Stored entries
· · ·
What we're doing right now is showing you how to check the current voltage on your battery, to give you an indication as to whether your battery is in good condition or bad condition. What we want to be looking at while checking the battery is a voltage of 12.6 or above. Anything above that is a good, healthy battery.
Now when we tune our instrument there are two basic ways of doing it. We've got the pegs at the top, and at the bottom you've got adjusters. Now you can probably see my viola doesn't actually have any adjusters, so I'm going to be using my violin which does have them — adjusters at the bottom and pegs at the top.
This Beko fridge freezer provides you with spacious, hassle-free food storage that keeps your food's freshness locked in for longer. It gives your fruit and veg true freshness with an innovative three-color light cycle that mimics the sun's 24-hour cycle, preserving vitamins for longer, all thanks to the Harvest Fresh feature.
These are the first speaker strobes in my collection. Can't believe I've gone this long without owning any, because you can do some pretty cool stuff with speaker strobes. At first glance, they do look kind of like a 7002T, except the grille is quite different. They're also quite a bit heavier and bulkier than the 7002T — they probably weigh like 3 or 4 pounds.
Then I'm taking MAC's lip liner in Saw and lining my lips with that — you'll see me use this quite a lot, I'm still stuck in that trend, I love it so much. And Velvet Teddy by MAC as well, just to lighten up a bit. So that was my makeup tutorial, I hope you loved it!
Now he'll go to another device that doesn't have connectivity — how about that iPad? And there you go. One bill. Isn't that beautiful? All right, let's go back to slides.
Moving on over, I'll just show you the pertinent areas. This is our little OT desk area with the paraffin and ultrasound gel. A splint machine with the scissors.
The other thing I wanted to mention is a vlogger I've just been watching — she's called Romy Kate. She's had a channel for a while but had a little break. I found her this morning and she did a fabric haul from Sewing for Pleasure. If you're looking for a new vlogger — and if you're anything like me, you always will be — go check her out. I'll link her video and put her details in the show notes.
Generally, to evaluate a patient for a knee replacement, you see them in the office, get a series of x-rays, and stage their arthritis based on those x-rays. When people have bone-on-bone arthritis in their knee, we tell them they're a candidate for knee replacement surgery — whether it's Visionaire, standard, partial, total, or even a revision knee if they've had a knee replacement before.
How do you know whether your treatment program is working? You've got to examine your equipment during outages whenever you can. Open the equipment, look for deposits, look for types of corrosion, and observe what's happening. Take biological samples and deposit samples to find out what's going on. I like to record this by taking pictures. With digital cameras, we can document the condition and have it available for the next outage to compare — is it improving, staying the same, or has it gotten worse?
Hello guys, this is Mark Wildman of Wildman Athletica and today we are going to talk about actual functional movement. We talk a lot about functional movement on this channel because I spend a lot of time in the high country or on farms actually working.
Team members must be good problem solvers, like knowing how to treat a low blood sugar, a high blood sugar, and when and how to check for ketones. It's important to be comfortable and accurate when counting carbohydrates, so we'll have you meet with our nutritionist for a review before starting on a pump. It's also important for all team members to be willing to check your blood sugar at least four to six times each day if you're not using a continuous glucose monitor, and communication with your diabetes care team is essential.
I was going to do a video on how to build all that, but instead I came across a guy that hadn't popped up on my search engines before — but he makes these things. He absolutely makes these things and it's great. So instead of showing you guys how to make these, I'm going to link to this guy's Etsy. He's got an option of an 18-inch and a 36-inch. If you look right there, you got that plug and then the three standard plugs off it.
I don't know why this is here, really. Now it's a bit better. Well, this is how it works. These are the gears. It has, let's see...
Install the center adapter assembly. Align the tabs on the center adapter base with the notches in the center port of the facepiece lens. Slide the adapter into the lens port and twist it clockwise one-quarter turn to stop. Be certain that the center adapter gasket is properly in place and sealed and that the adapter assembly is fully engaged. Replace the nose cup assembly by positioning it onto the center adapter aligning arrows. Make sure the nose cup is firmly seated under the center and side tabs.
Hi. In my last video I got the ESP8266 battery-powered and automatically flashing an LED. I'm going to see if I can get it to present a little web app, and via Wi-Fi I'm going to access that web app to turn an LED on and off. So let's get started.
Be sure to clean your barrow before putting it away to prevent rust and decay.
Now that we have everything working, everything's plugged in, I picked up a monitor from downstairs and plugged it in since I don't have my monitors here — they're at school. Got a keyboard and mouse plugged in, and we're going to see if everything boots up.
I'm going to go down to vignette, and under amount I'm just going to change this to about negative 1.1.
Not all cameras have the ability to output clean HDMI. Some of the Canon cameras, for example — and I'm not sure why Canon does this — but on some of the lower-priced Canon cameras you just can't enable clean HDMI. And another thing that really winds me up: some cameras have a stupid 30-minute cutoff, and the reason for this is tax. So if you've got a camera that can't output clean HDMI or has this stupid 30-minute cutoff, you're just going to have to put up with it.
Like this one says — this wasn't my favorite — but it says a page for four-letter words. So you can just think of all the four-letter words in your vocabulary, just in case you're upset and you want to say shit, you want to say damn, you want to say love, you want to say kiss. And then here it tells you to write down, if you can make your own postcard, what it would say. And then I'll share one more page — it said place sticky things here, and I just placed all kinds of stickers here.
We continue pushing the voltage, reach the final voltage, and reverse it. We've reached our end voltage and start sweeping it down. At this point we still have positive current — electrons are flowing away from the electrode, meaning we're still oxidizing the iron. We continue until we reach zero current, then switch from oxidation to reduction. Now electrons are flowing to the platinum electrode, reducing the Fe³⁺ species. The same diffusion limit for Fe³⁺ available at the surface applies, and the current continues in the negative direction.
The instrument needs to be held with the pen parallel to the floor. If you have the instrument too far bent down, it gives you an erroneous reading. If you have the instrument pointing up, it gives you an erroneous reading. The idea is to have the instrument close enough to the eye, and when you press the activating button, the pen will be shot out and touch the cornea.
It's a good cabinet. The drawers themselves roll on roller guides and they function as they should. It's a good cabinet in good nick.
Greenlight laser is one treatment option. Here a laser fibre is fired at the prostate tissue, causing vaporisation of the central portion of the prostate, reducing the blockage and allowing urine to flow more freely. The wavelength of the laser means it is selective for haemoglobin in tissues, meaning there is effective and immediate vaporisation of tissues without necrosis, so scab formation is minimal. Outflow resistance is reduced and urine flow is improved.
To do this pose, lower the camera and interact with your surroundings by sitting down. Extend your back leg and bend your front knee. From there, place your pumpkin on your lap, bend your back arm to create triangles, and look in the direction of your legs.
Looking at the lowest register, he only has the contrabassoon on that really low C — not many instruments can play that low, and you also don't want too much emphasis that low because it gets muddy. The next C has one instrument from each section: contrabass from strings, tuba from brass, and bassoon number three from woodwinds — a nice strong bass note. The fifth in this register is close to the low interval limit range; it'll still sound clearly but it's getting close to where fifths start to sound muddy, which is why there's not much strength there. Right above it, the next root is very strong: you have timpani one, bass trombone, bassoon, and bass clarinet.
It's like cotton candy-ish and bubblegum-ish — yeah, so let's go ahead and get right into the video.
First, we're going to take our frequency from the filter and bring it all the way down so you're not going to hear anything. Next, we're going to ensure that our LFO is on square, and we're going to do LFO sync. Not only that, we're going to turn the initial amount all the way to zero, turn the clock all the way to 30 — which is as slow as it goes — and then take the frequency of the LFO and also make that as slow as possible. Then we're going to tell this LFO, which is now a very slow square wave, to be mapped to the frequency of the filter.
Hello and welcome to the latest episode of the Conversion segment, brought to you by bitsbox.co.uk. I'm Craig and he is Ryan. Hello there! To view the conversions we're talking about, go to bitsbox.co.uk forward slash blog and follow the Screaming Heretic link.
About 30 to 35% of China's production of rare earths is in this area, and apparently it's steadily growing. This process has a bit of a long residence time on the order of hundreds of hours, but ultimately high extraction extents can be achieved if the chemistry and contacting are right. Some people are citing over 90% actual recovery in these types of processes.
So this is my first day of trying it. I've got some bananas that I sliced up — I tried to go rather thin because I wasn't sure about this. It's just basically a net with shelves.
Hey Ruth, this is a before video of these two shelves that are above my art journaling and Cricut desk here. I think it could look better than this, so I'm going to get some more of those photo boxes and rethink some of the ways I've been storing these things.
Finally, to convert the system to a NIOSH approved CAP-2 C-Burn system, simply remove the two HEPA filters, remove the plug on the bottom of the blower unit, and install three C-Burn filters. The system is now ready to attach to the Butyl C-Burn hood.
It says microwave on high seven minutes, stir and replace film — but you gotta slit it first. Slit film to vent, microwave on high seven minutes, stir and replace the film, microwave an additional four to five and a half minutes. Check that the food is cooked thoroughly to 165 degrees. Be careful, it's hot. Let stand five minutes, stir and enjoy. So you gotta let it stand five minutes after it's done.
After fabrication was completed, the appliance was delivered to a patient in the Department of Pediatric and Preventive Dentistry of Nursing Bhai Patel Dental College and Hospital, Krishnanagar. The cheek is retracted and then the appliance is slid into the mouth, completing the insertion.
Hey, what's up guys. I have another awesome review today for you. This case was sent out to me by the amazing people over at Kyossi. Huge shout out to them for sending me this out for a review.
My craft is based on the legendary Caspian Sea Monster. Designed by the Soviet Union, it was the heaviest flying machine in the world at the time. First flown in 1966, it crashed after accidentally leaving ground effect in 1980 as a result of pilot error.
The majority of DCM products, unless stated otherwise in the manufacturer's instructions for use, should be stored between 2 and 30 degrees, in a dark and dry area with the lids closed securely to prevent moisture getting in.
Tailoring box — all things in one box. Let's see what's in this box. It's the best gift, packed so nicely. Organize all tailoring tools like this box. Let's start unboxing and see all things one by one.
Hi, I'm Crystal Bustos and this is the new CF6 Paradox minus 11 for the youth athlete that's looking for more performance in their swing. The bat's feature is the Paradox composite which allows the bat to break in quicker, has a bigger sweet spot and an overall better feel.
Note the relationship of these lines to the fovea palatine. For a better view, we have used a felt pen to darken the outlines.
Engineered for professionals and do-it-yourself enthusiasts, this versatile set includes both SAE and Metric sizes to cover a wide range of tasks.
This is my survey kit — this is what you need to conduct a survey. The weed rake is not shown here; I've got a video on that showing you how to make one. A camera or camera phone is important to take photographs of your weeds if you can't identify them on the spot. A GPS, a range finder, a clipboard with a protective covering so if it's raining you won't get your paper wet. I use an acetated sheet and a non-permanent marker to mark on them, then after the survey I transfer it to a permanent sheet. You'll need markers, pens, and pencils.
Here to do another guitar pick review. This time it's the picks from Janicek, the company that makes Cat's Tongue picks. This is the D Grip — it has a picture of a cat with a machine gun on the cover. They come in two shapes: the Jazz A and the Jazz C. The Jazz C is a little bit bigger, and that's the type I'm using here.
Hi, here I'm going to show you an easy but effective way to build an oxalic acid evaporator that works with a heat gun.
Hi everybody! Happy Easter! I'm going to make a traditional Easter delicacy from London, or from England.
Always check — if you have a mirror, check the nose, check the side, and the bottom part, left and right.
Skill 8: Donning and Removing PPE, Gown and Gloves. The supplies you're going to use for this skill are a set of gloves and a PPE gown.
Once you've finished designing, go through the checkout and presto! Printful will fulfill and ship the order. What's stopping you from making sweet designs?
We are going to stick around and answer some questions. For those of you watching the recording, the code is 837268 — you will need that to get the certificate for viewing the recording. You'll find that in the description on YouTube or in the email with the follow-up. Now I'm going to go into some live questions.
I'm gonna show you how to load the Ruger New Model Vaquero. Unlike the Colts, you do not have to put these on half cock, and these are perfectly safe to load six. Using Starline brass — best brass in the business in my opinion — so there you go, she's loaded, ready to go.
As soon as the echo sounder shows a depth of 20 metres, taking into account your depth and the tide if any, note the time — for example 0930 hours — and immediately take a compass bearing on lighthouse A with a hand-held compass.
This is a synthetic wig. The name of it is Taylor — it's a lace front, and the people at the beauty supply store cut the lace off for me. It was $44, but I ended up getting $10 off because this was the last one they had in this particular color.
· · ·
◆ PROBLEM STATEMENT
Of all the entries above, retype exactly the lines from the line with "It says microwave" to the line with "Engineered for professionals", both included, and no others.

◆ RESULT FOR THIS EXERCISE
It says microwave on high seven minutes, stir and replace film — but you gotta slit it first. Slit film to vent, microwave on high seven minutes, stir and replace the film, microwave an additional four to five and a half minutes. Check that the food is cooked thoroughly to 165 degrees. Be careful, it's hot. Let stand five minutes, stir and enjoy. So you gotta let it stand five minutes after it's done.
After fabrication was completed, the appliance was delivered to a patient in the Department of Pediatric and Preventive Dentistry of Nursing Bhai Patel Dental College and Hospital, Krishnanagar. The cheek is retracted and then the appliance is slid into the mouth, completing the insertion.
Hey, what's up guys. I have another awesome review today for you. This case was sent out to me by the amazing people over at Kyossi. Huge shout out to them for sending me this out for a review.
My craft is based on the legendary Caspian Sea Monster. Designed by the Soviet Union, it was the heaviest flying machine in the world at the time. First flown in 1966, it crashed after accidentally leaving ground effect in 1980 as a result of pilot error.
The majority of DCM products, unless stated otherwise in the manufacturer's instructions for use, should be stored between 2 and 30 degrees, in a dark and dry area with the lids closed securely to prevent moisture getting in.
Tailoring box — all things in one box. Let's see what's in this box. It's the best gift, packed so nicely. Organize all tailoring tools like this box. Let's start unboxing and see all things one by one.
Hi, I'm Crystal Bustos and this is the new CF6 Paradox minus 11 for the youth athlete that's looking for more performance in their swing. The bat's feature is the Paradox composite which allows the bat to break in quicker, has a bigger sweet spot and an overall better feel.
Note the relationship of these lines to the fovea palatine. For a better view, we have used a felt pen to darken the outlines.
Engineered for professionals and do-it-yourself enthusiasts, this versatile set includes both SAE and Metric sizes to cover a wide range of tasks.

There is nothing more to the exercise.